Les récentes ententes sur la dette grecque n’ont rien changé aux problèmes structurels qui minent l’euro et l’Europe depuis la crise financière de 2008. En fait, plusieurs économistes anticipaient ces difficultés avant même l’adoption de l’euro, sachant très bien qu’une union monétaire (c’est-à-dire un ensemble d’États qui utilisent une devise commune) sans union politique aurait, théoriquement, de la difficulté à résister aux grandes crises économiques, en particulier à celles causées par des crises financières. Et l’impact d’une telle crise est exacerbé lorsque les économies formant une union monétaire sont très différentes en termes de structure industrielle et de productivité et d’endettement, comme c’est le cas pour les pays de la zone euro actuellement.
Fondamentalement, et ceci a été dit et écrit à maintes reprises, une fois convertie à l’euro, une économie renonce aux dépréciations de sa devise comme instrument de relance économique. Cette contrainte économique n’est qu’un des facteurs expliquant la crise actuelle en Europe. Pour bien comprendre les difficultés de la zone euro, prenons le cas d’une union monétaire d’économies hétérogènes comme en Europe qui soit aussi une union politique et qui fonctionne, les États-Unis d’Amérique.
D’abord, tous les dépôts bancaires dans des banques américaines sont assurés par le régime fédéral, ce qui est nécessairement plus rassurant pour la population que l’assurance d’un gouvernement national, comme en Grèce actuellement. Aussi, aux États-Unis, toute faillite bancaire est immédiatement prise en charge par le gouvernement fédéral à l’aide des institutions appropriées. Une fois de plus, en Europe, la responsabilité incombe à chaque État séparément.
Durant la dernière crise, qui n’est d’ailleurs pas encore tout à fait terminée, les États manufacturiers tels le Michigan et l’Ohio, les États d’ores et déjà fragiles comme le Mississippi ou la Louisiane, et les États particulièrement touchés par les dérives hypothécaires comme l’Arizona ou la Floride, ont tous bénéficié largement de la structure fédérale américaine. On a vu le président, appuyé par le Congrès, prendre sur-le-champ les moyens pour rescaper l’industrie automobile. Les pouvoirs de la Banque centrale américaine ont aussi été mis à profit afin de racheter les actifs toxiques qui minaient le système financier. Ce n’est que récemment que la Banque centrale européenne a fait de même en Europe. Mais de manière plus importante, il existe aux États-Unis des mécanismes de transferts fédéraux qui favorisent les plus démunis, soit des transferts directs aux familles (par exemple, l’Earned Income Tax Credit, le Head Start, ou les Food Stamps, ainsi que l’assurance-emploi) et des transferts pour certains secteurs spécifiques comme l’éducation. Ainsi, les États plus riches contribuent automatiquement en cas de crise à la stabilisation de la consommation des ménages dans les États les plus pauvres.

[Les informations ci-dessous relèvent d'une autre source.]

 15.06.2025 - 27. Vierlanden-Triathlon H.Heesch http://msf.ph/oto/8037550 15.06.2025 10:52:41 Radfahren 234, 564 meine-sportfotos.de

Finalement, la main-d’oeuvre aux États-Unis est très mobile, permettant à un travailleur de migrer aisément d’un État à un autre, si les offres d’emploi dans son champ d’expertise s’y trouvent plus nombreuses. Tous ces mécanismes de stabilisation automatique s’appliquent aussi dans un État fédéré comme le Canada, mais non en Europe. Le travailleur grec ou portugais ne peut s’inviter librement en Allemagne ou en France pour y chercher de l’emploi.
Il est très difficile d’entrevoir à court terme comment on pourra, en Europe, converger politiquement vers un modèle fédéré octroyant des pouvoirs importants à un gouvernement central, surtout lorsque l’on contemple, d’une part, l’idée d’un référendum au Royaume-Uni sur l’appartenance à l’Union européenne et qu’on tient compte, d’autre part, des courants anti-européens dans plusieurs pays. Il faut donc conclure que les problèmes déjà très sérieux de l’euro vont persister et s’amplifier lors d’une prochaine récession, surtout si celle-ci s’avérait aussi profonde que la dernière.